#### THE TASK:
Everything in the records below from the line containing "Blue ink artwork" through the line containing "FLARE UP - Asymmetric" is to be reproduced exactly, those two lines included; no picture is to be copied.
+++ RECORDED INFORMATION +++
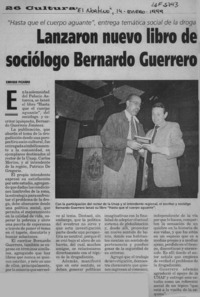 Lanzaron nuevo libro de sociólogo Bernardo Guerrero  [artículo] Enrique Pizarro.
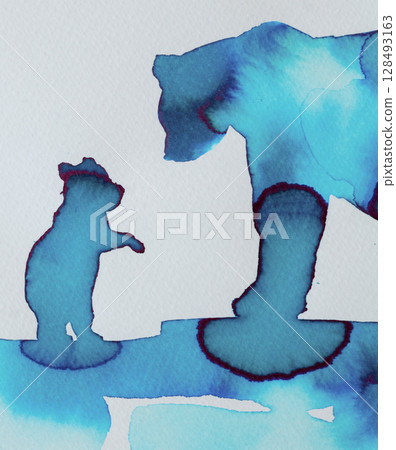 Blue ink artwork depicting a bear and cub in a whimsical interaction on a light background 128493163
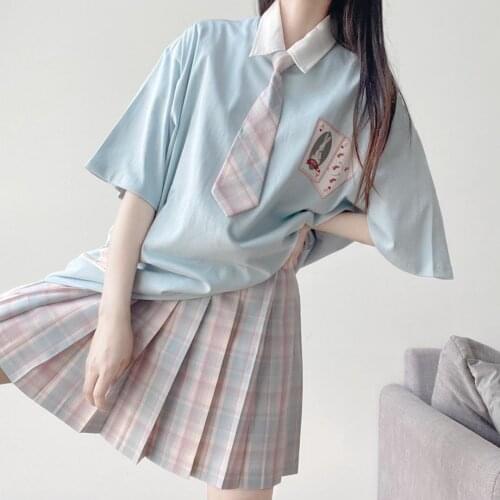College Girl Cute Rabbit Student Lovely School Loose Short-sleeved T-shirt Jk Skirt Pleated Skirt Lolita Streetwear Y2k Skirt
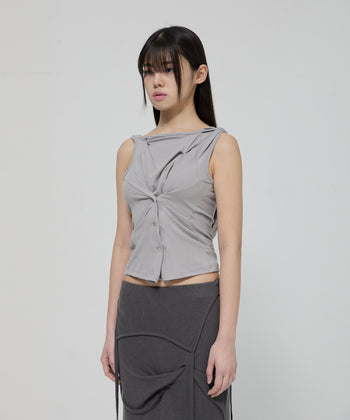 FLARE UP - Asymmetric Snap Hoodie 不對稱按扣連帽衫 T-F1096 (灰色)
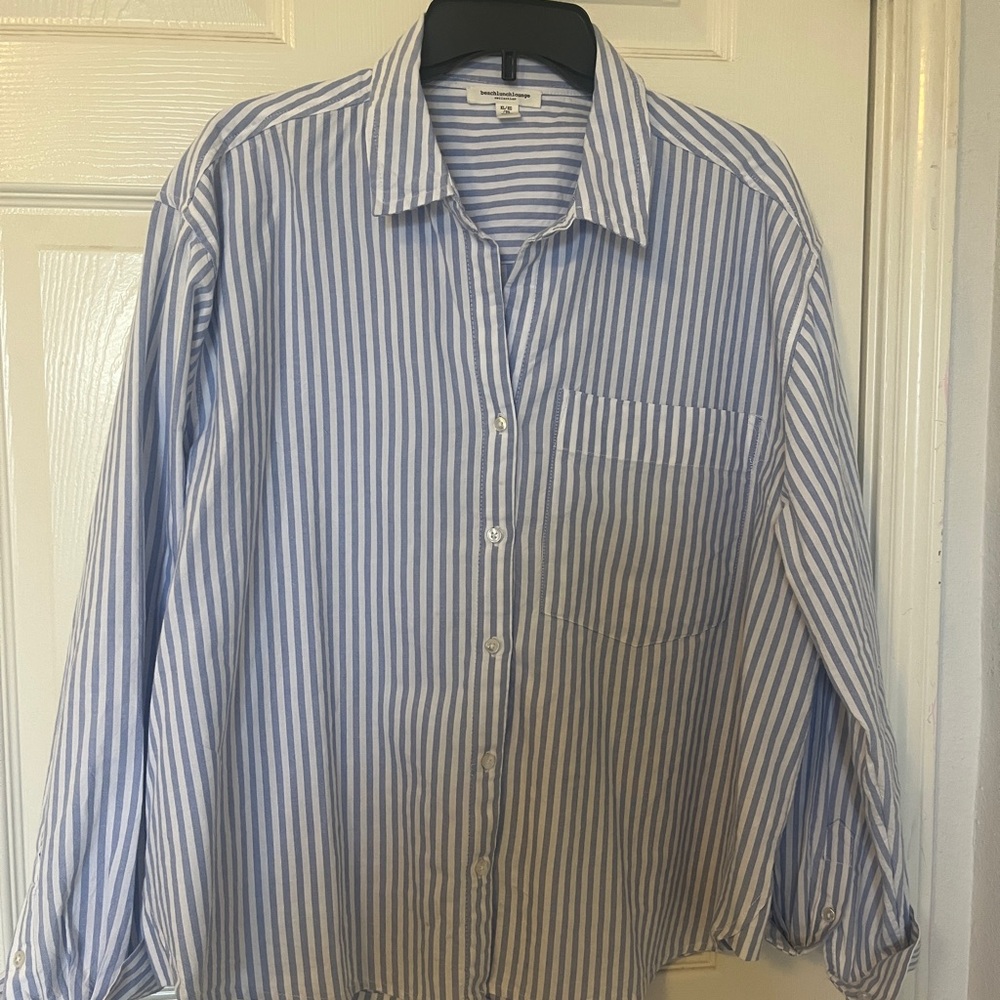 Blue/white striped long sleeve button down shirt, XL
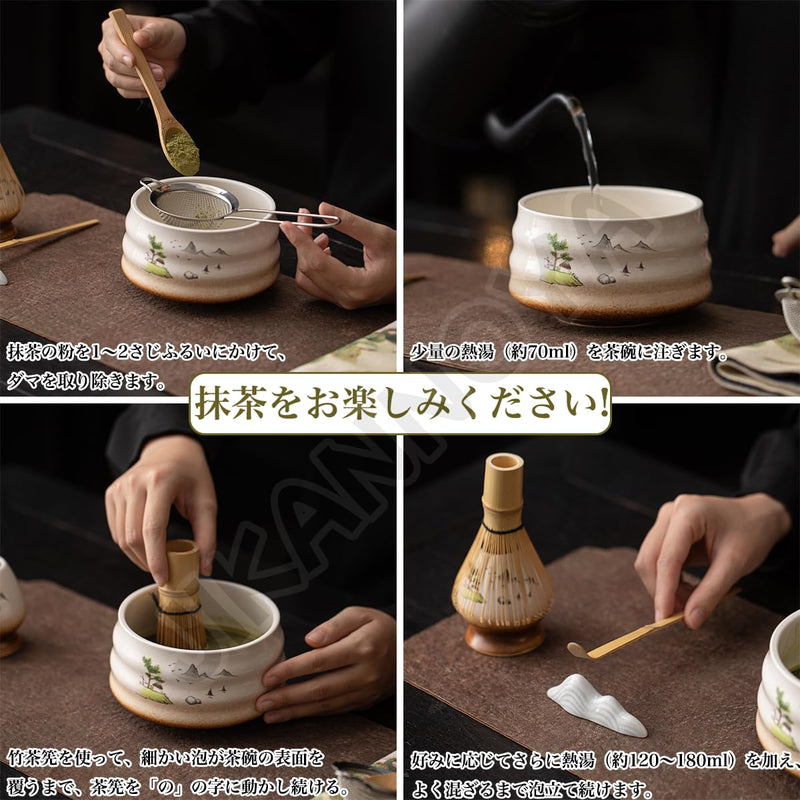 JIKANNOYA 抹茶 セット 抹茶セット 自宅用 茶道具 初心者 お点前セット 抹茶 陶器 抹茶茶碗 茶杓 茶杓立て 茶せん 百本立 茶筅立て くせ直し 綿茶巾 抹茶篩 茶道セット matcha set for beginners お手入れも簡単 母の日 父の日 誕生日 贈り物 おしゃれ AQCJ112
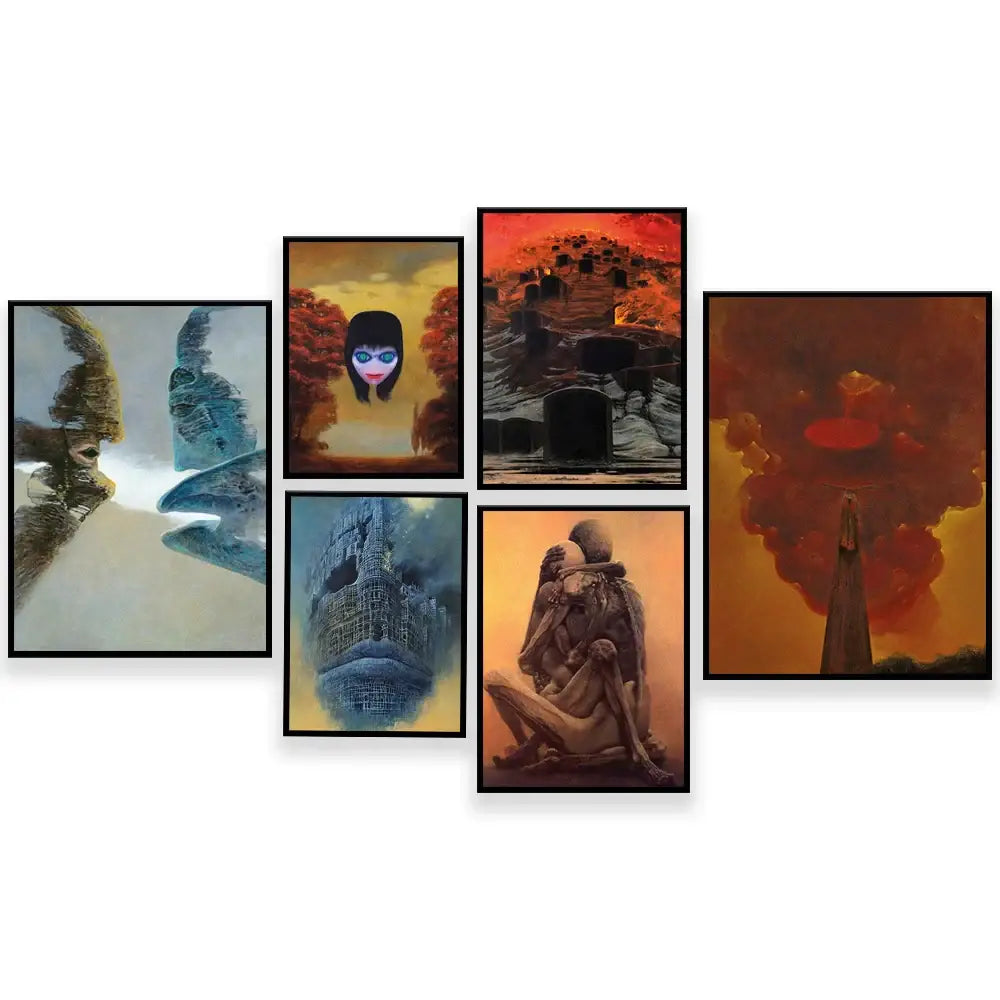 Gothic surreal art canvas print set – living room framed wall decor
+++
#### COMPLETED TASK:
 Blue ink artwork depicting a bear and cub in a whimsical interaction on a light background 128493163
College Girl Cute Rabbit Student Lovely School Loose Short-sleeved T-shirt Jk Skirt Pleated Skirt Lolita Streetwear Y2k Skirt
 FLARE UP - Asymmetric Snap Hoodie 不對稱按扣連帽衫 T-F1096 (灰色)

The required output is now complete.